# Fourth Pick



## tsolan20 (Jun 29, 2003)

How does this team get the fourth pick in the draft?? Didn't Vancouver and Toronto get the 2nd and 3rd picks when they came in???


----------



## PetroToZoran (Jul 2, 2003)

No


----------



## MAS RipCity (Feb 22, 2003)

I think since they are expansion that they should automatically get #1 overall pick. In the NFL, the Houston Texans got it.


----------



## m_que01 (Jun 25, 2003)

Actually don't they get the 4th pick for like 3 years or so, or is it just next year. It's gonna be strange considering the lotery picks will consist of 14 players instead of 13 due to the addition of the Bobcats pick.


----------



## arcade_rida (Jun 23, 2003)

what he said is right they dont get number one they cant no matter whaat they get 3 or 4 third then swith 2 4th then back to 3rd


----------



## MightyReds2020 (Jul 19, 2002)

Vancouver and Toronto got 6th and 7th respectively the year they entered the league and were prohibited from getting the #1 until year 3 I believe. Bobcats will get #4 next year and I believe no restrictions after that.


----------



## TheHeff (May 28, 2003)

They did this Because the Magic got the #1 pick for 2 years in arow when they came in


----------



## arcade_rida (Jun 23, 2003)

no they didn get 6 and 7 r u crazy


----------



## bigbabyjesus (Mar 1, 2003)

yeah, they did
http://nbadraft.net/1995.htm


----------



## shazha (Nov 20, 2002)

maybe they should give them as many tickets (dont know what they call em) in the barrel as a 4th worse team. Then draw the draft positions as they normally would

So theyget like 15% or whatever it is to get top pick. so its luck of draw instead of them getting designated 4th pick.


----------



## Slasher (Jul 11, 2003)

The rule is that you cannot go better than 4th.

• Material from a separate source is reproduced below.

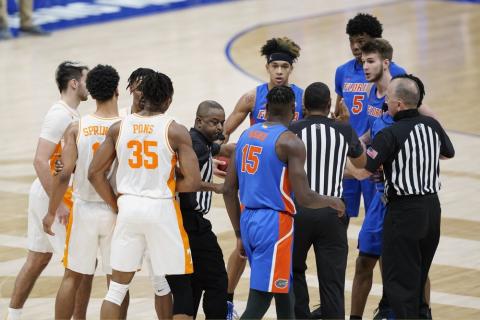 Tennessee and Florida players are separated after a foul by Florida's Omar Payne (5) in the second half of  the Southeastern Conference Tournament quarterfinals on Friday in Nashville, Tenn. Payne was ejected from the game after dealing a pair of elbows to John Fulkerson. (MARK HUMPHREY/Associated Press)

The Raptors got 7th in 1995.


----------



## jokeaward (May 22, 2003)

Yeah, this is dumb but I believe it. 4th or worse. What's wrong with the NFL way for the first year? They can't try to lose when they haven't played a game!

The Magic were in before they got Shaq's pick. In 991 they selected Brian Williams.


----------



## knickstorm (Jun 22, 2003)

> Originally posted by <b>jokeaward</b>!
> Yeah, this is dumb but I believe it. 4th or worse. What's wrong with the NFL way for the first year? They can't try to lose when they haven't played a game!
> 
> The Magic were in before they got Shaq's pick. In 991 they selected Brian Williams.


well nfl has a gazillion rounds to begin with and good players will always emerge from the late rounds. Bball is just not the same, i mean if the expansion team got #1 overall hell the bobcats would've entered the league this year


----------



## Enigma (Jul 16, 2002)

> Originally posted by <b>TheHeff</b>!
> They did this Because the Magic got the #1 pick for 2 years in arow when they came in


Tha Magic got the 11th pick overall when they entered the league in 1989 and selected Nick Anderson with that pick.


----------